### What the task requires
Return, exactly and in full, the lines of the records below starting at the one with "cns_nong_66a076570b74e6d38a_0.jpg" and ending at the one with "Foodservice Reusable Cup", and no other lines.

### Records to process
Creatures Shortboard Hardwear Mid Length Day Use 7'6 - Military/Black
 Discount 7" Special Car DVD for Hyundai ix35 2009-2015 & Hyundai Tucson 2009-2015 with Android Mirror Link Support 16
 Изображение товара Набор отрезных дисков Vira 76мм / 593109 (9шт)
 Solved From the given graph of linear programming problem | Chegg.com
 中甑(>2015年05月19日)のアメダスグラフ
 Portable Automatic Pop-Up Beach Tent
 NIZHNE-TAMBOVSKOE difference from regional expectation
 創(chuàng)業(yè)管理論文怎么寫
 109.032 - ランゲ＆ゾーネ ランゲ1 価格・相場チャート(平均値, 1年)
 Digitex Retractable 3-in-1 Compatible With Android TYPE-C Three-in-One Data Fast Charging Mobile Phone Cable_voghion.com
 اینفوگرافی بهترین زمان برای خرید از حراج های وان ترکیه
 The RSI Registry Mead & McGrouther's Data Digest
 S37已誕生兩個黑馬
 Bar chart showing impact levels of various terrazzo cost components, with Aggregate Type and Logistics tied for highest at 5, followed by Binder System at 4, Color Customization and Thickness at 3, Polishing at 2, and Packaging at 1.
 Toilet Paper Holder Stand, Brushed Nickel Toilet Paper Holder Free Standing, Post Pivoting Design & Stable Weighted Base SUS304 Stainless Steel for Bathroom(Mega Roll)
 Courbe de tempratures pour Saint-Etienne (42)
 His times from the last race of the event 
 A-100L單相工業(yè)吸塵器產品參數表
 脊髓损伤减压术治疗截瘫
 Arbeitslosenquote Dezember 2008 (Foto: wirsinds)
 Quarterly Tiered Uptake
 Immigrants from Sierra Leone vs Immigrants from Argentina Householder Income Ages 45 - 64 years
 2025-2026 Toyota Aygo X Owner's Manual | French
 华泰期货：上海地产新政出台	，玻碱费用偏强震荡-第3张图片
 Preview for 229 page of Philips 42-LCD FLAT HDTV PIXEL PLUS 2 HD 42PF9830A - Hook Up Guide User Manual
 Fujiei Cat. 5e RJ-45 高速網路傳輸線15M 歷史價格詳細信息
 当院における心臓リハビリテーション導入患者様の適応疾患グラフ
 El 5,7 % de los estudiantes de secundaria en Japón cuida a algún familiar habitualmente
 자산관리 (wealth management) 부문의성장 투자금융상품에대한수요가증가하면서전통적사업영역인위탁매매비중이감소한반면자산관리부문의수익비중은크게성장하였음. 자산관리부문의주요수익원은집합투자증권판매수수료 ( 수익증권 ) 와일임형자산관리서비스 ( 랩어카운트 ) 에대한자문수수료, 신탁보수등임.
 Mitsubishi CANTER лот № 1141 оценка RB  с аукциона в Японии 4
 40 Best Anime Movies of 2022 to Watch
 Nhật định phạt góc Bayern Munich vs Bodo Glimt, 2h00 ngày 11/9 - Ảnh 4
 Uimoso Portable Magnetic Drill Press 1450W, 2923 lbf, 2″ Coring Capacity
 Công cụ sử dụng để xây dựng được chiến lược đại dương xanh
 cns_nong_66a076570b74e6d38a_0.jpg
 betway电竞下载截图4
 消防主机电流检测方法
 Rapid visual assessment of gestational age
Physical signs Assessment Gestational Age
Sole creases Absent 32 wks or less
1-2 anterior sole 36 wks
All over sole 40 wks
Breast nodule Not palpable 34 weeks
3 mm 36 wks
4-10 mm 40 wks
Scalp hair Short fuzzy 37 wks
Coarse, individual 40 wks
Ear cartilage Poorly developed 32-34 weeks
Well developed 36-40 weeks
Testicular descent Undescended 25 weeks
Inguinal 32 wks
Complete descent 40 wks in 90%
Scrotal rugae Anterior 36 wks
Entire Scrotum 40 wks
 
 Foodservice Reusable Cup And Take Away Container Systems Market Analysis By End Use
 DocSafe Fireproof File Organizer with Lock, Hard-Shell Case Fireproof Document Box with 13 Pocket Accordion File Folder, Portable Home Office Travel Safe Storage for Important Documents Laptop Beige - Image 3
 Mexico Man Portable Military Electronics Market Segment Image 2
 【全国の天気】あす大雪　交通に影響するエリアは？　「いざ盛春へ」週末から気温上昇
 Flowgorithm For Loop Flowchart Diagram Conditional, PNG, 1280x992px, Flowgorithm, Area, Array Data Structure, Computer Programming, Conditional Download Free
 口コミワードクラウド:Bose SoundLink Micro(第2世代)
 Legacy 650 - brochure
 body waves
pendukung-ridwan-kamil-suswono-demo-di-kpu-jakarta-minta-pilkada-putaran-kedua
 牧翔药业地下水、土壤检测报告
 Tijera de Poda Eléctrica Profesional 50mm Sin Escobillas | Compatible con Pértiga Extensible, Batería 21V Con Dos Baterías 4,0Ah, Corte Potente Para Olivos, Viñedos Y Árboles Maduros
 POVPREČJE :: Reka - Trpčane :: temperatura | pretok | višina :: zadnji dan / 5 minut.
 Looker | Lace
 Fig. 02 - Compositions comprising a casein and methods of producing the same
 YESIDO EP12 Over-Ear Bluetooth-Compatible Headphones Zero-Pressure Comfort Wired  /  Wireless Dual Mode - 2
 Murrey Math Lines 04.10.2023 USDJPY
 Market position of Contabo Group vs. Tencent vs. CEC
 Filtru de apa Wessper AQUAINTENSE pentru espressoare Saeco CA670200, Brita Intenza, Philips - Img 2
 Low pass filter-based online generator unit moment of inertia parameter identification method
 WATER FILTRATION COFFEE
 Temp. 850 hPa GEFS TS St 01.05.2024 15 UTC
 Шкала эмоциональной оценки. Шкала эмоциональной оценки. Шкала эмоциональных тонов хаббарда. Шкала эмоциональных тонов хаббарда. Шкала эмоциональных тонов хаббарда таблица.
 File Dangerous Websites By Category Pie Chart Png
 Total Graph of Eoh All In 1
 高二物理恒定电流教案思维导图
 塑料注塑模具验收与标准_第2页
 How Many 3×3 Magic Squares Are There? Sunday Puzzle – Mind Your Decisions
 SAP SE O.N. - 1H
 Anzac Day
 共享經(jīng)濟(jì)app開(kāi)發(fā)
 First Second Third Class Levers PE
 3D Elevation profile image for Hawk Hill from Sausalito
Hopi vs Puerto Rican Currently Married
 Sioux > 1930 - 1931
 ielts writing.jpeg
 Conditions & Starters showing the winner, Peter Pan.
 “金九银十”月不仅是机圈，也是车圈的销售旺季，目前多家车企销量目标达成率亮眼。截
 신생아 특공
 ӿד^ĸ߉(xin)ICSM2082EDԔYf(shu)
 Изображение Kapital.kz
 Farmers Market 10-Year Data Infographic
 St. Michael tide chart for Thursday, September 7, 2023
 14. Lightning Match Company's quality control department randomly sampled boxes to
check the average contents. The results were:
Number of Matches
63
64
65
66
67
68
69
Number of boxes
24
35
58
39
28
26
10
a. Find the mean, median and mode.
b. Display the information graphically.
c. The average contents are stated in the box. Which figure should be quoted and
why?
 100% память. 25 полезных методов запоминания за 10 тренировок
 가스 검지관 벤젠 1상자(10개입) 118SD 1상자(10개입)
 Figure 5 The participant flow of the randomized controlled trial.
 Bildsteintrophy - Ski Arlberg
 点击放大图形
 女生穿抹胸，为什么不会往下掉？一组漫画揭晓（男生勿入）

### Reply
 cns_nong_66a076570b74e6d38a_0.jpg
 betway电竞下载截图4
 消防主机电流检测方法
 Rapid visual assessment of gestational age
Physical signs Assessment Gestational Age
Sole creases Absent 32 wks or less
1-2 anterior sole 36 wks
All over sole 40 wks
Breast nodule Not palpable 34 weeks
3 mm 36 wks
4-10 mm 40 wks
Scalp hair Short fuzzy 37 wks
Coarse, individual 40 wks
Ear cartilage Poorly developed 32-34 weeks
Well developed 36-40 weeks
Testicular descent Undescended 25 weeks
Inguinal 32 wks
Complete descent 40 wks in 90%
Scrotal rugae Anterior 36 wks
Entire Scrotum 40 wks
 
 Foodservice Reusable Cup And Take Away Container Systems Market Analysis By End Use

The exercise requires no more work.